ENH: `special.logsumexp`: add array API support #20935

mdhaber · 2024-06-10T21:32:20Z

Reference issue

Toward gh-20930

What does this implement/fix?

Adds array API support to special.logsumexp. I'll need this for integrate.qmc_quad.

@lucascolley @j-bowhay the xp_broadcast_promote utility should replace the need for promoting dtypes manually.

j-bowhay · 2024-06-10T21:37:21Z

As an aside I realised we have not been keeping https://scipy.github.io/devdocs/dev/api-dev/array_api.html#currently-supported-functionality up to date. Do we want to try to get a doc update into 1.14?

mdhaber · 2024-06-10T22:34:03Z

Oops. ~~If I knew that existed, I forgot.~~ Clearly I knew that existed, but I forgot. ~~Yes, would you like to do that or should I? The offerings as of 1.14 are in the release notes.~~ Update: see gh-20936.

lucascolley

just one comment otherwise LGTM!

lucascolley · 2024-06-11T08:46:09Z

scipy/special/_logsumexp.py

@@ -93,43 +96,49 @@ def logsumexp(a, axis=None, b=None, keepdims=False, return_sign=False):
    1.6094379124341005, 1.6094379124341005

    """
-    a = _asarray_validated(a, check_finite=False)
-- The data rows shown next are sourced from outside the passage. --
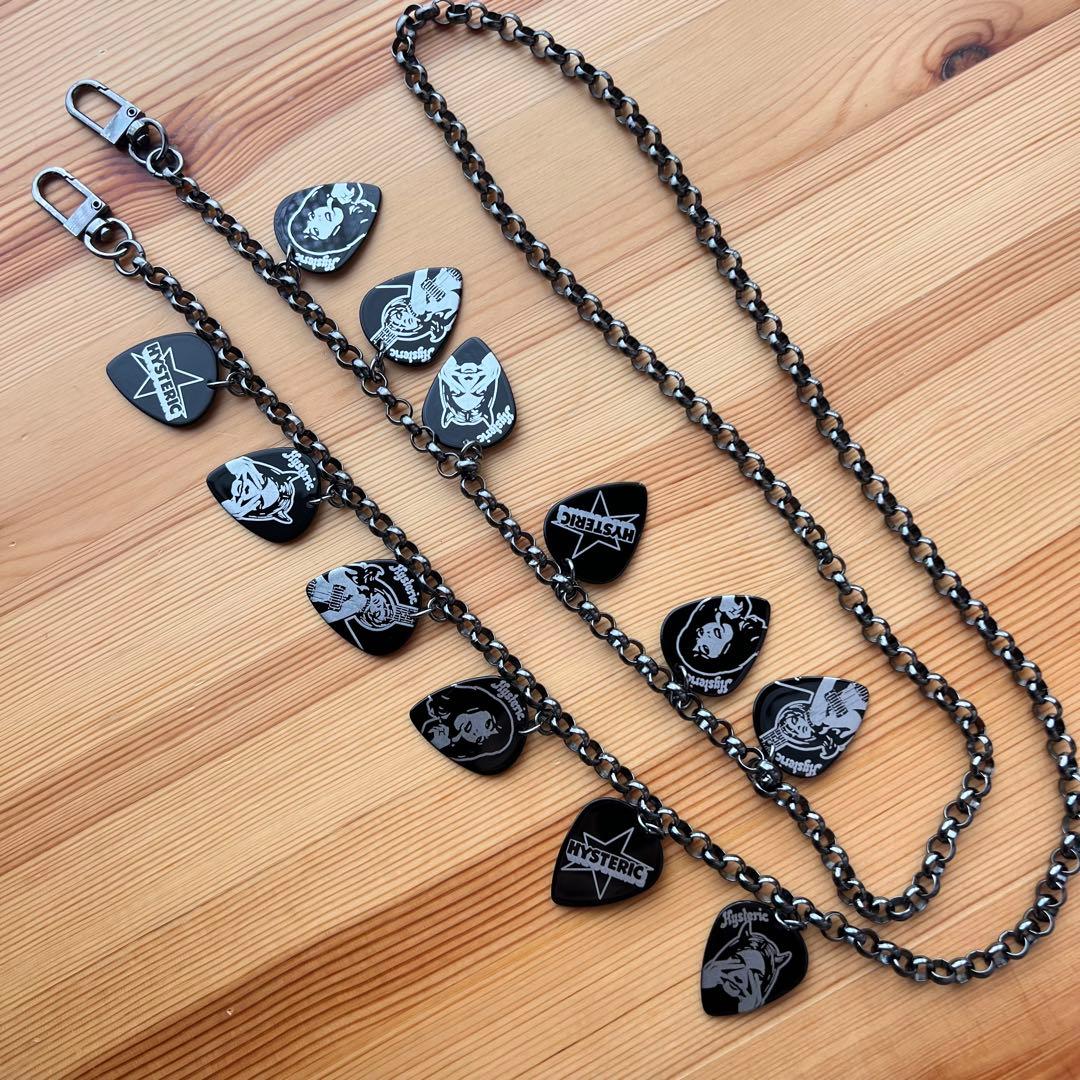 ヒステリックグラマー ギターピック マルチチェーン ブラック ウォレットチェーン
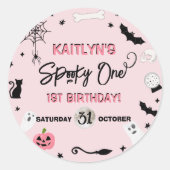 Sticker Rond ÉFFRAYANT ! Filles Halloween 1er fête d'anniversai (Devant)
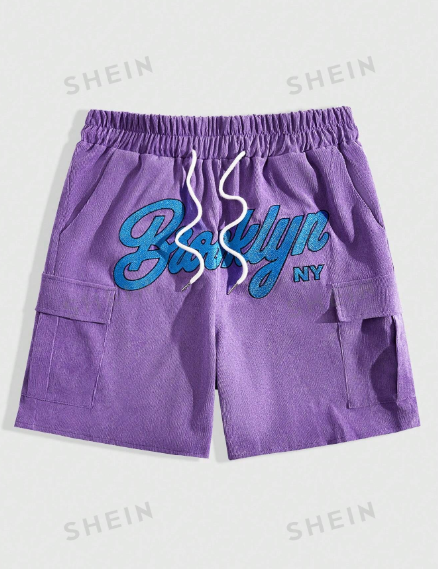 ROMWE Street Life Men's Letter Printed Cargo Style Pocket Shorts
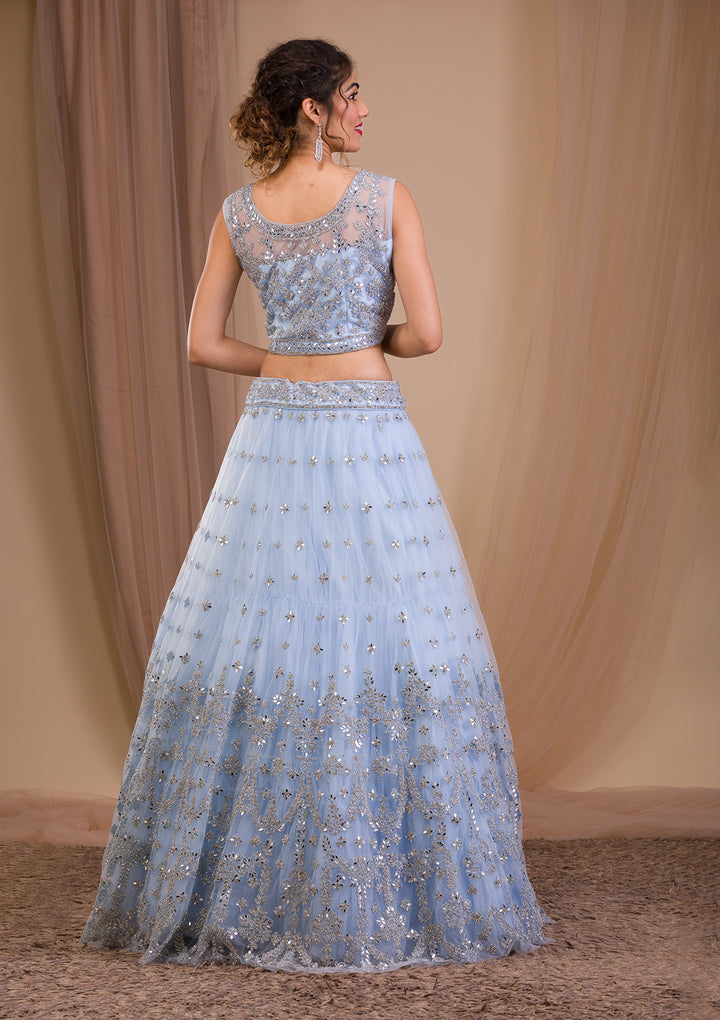 Sky Blue Stonework Net Readymade Lehenga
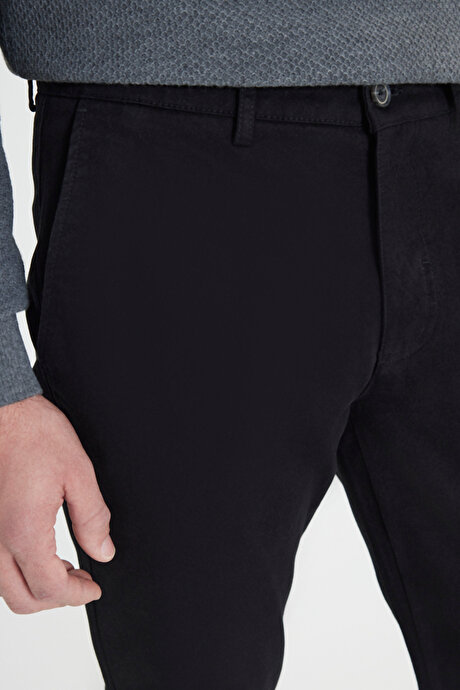 %100 Pamuk Comfort Fit Rahat Kesim Yan Cepli Siyah Pantolon resmi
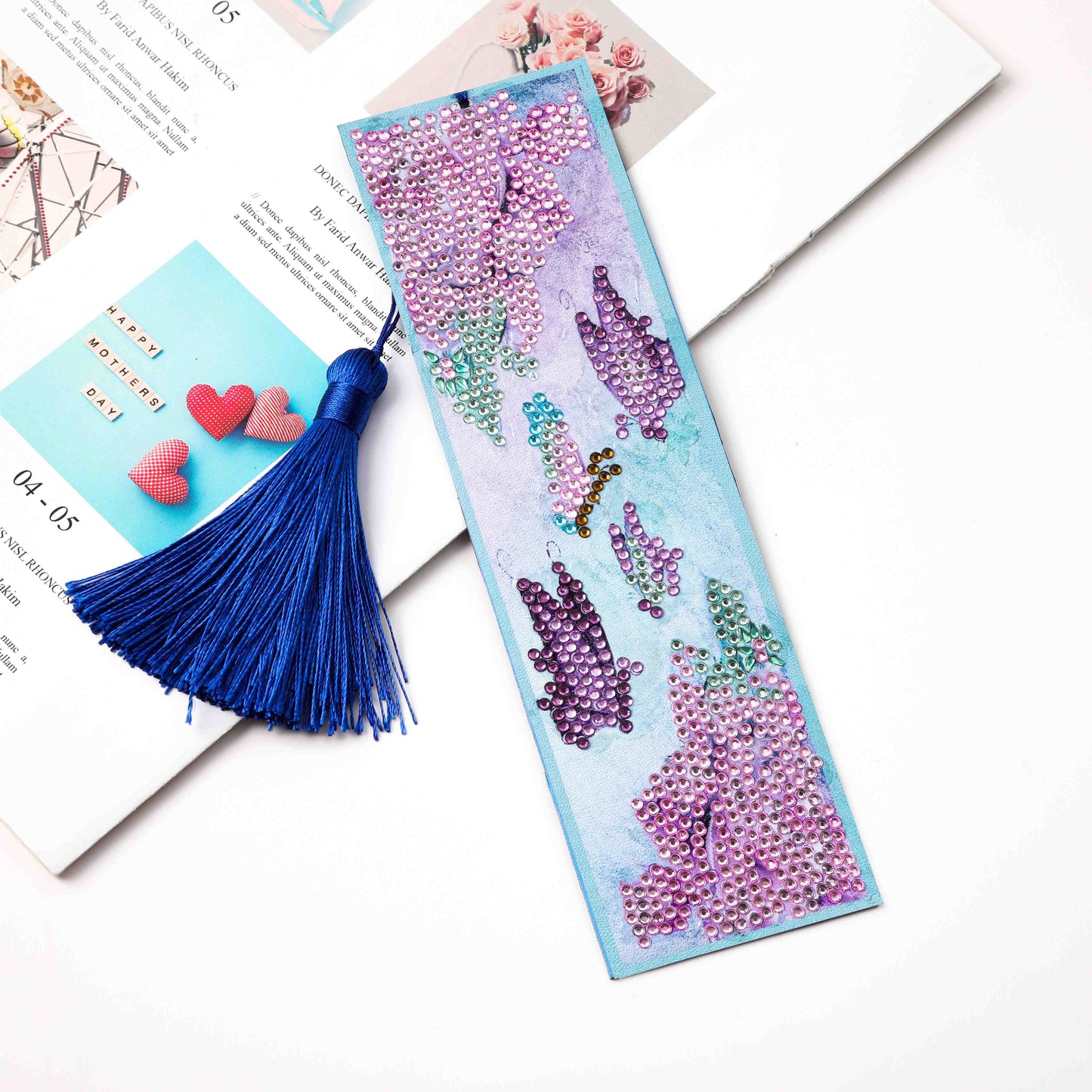 DIY Special Shaped Diamond Painting Leather Tassel Bookmark | Butterfly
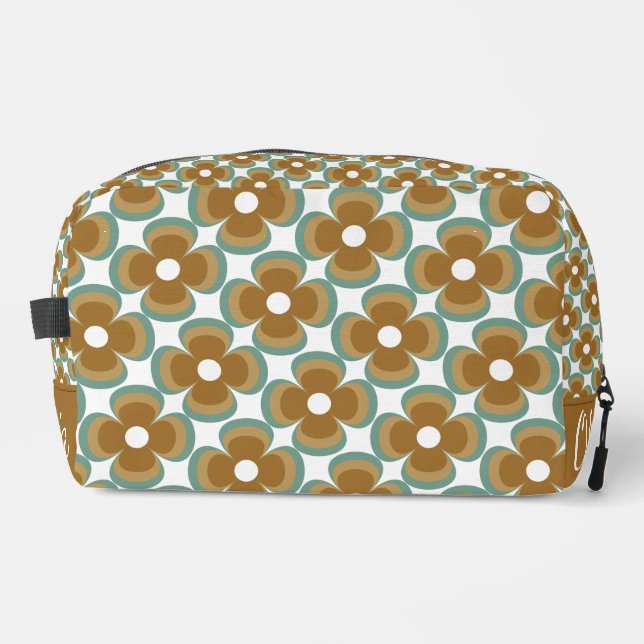 Neceser Trendy Teal Caramel Retro Groovy Flowers Seamless (Anverso)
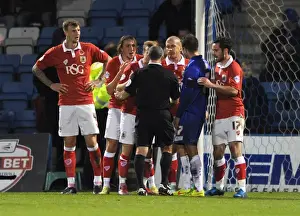 Gillingham V Bristol City Prints: Protesting the Penalty: Bristol City Players Show Disagreement at Priestfield Stadium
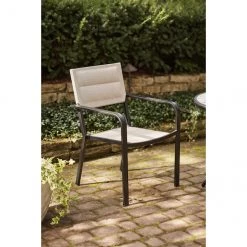 Chaise d'extérieur empilable par Allen + Roth, gris clair, acier et PVC oléfine -ALLEN + ROTH Soldes Boutique 41355051d L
I don't think we can quite replace _asarray_validated with the checks in array_namespace. Specifically, the sparse_ok=False part. I do think that it is worth incorporating _asarray_validated into array_namespace though, which should just mean adding a sparse_ok kwarg which gets passed to compliance_scipy, I think.

Adding a sparse check to array_namespace sounds like a good Idea. If the goal of those checks is to exclude common array-like things that we don't want to support, I think we'd at least need to exclude sparse matrices (always).

IIUC eventually sparse arrays will have an array API compliant interfaces. That would mean they could be added into the array_api_compliant test matrix and supported properly. I suppose there is still a question of whether they should be allowed if the algorithm does not take advantage of the sparsity, and that will affect the default.

Can I open an issue about this instead? I think it is relevant to a lot of other functions (e.g. stats functions never used _asarray_validated, but I think all the same reasoning would apply. It will also take a few opinions to resolve, but it would be good to have access to _broadcast_promote in the meantime.

IIUC eventually sparse arrays will have an array API compliant interfaces

Not necessarily. My understanding is "let's try as far as possible, but some things might not make sense", for scipy.sparse (gh-18915). I think pydata/sparse is planning to have a compliant inferface though.

Can I open an issue about this instead? I think it is relevant to a lot of other functions (e.g. stats functions never used _asarray_validated, but I think all the same reasoning would apply.

Sure, I was just wanting to avoid a regression, where sparse matrices were rejected but now pass through. That doesn't seem too problematic though, so as long as it is on your radar 👍.

An issue already exists, gh-18972, and I commented about this topic there last year.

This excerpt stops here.